HDFC Bank, the country’s largest private sector lender, saw advance growth of 13.9% in FY21, compared to an increase of 21.27% in FY20.
Sequentially, HDFC Bank’s advances increased 4.6% in the quarter ended March 2021. This may be the weakest growth in 17 quarters recorded by the bank in terms of advances in year-on-year, according to the Capitaline database.
Three other private sector lenders – IndusInd Bank, YES Bank and Federal Bank – reported credit growth of 0.8 to 9 percent year-on-year in FY21.
The pace of credit expansion for HDFC Bank has been lower than its growth trajectory in recent years (24.5 percent in FY19, 18.7 percent in FY18, 19, 4 percent in fiscal year 17). But it is substantial, given the scale of the economic disruption caused by the pandemic and the lockdown in the country, analysts have said.
Commercial bank lending only grew 6.5% year-on-year through March 12, 2021, according to data from the Reserve Bank of India (RBI).
Advances from HDFC Bank stood at 11.32 trillion rupees at the end of March, compared to 9.93 trillion rupees at the end of March 2020, according to a file filed with the ESB. Its action closed down 2.52 percent at Rs 1,449 on BSE. The bank’s board of directors is due to meet on April 17 to take stock of fiscal year 21 performance.
Domestic retail growth almost halved to 7.5% in FY21, from 14.6% in FY20. The growth rate of the wholesale segment slowed to 21 percent in FY21, from 29.3 percent a year ago.
The bank faces restrictions imposed by the Reserve Bank of India on issuing new credit cards and new digital launches for outages due to technical issues.

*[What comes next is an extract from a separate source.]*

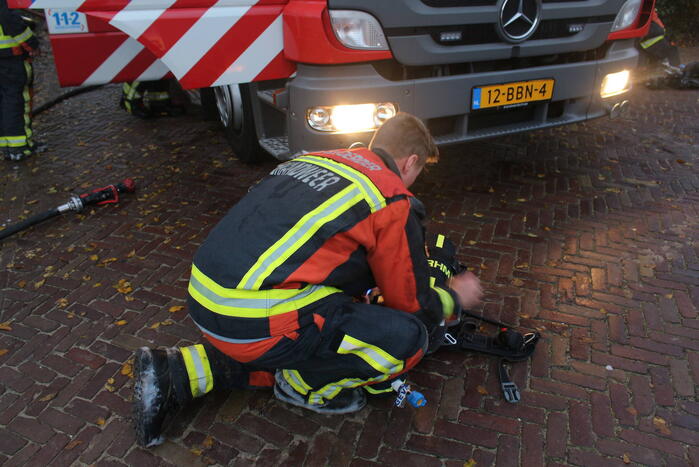 Brand in schuur met houtopslag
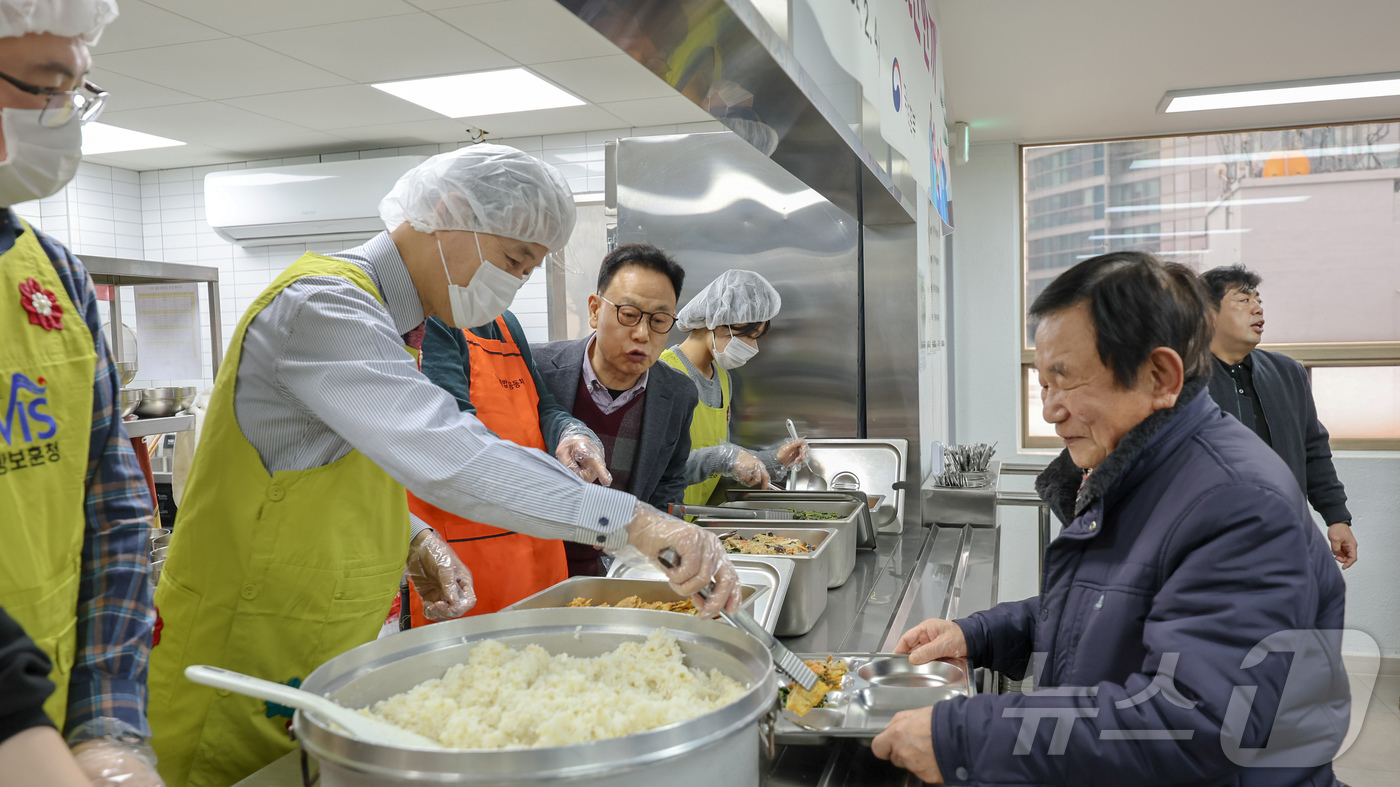 (서울=뉴스1) = 권오을 국가보훈부 장관이 4일 오전 서울시 용산구 서울연탄은행에서 열린 '민.관.군이 함께하는 설맞이 찾아가는 보훈 따뜻한 한 끼 봉사'에서 국가유공자들에게 배 …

The pace of borrowing started to pick up in the second half of FY21, in line with the economic recovery. According to a report from ICICI Securities, with the gradual recovery of economic activities after the opening of the economy, the banking sector has seen an acceleration in loan growth – from 5.6% in October 2020 to Rs 6.5 % in February 2021.
The retail segment has been one of the main contributors to credit growth in the banking sector. It rose 9.6% in February 2021, driven by home, auto and gold loans, led by higher sales volumes.
IndusInd Bank saw its advances increase by 3% to reach 2.13 trillion rupees in March 2021.
For YES Bank, a lender gradually moving to a stable trajectory after restructuring, loans and advances increased by a marginal 0.8% to Rs 1.72 trillion in March 2021. Its gross retail disbursements during the quarter March was Rs 7,828 crore, up 154.3 percent from Rs 3,078 crore in the quarter a year ago.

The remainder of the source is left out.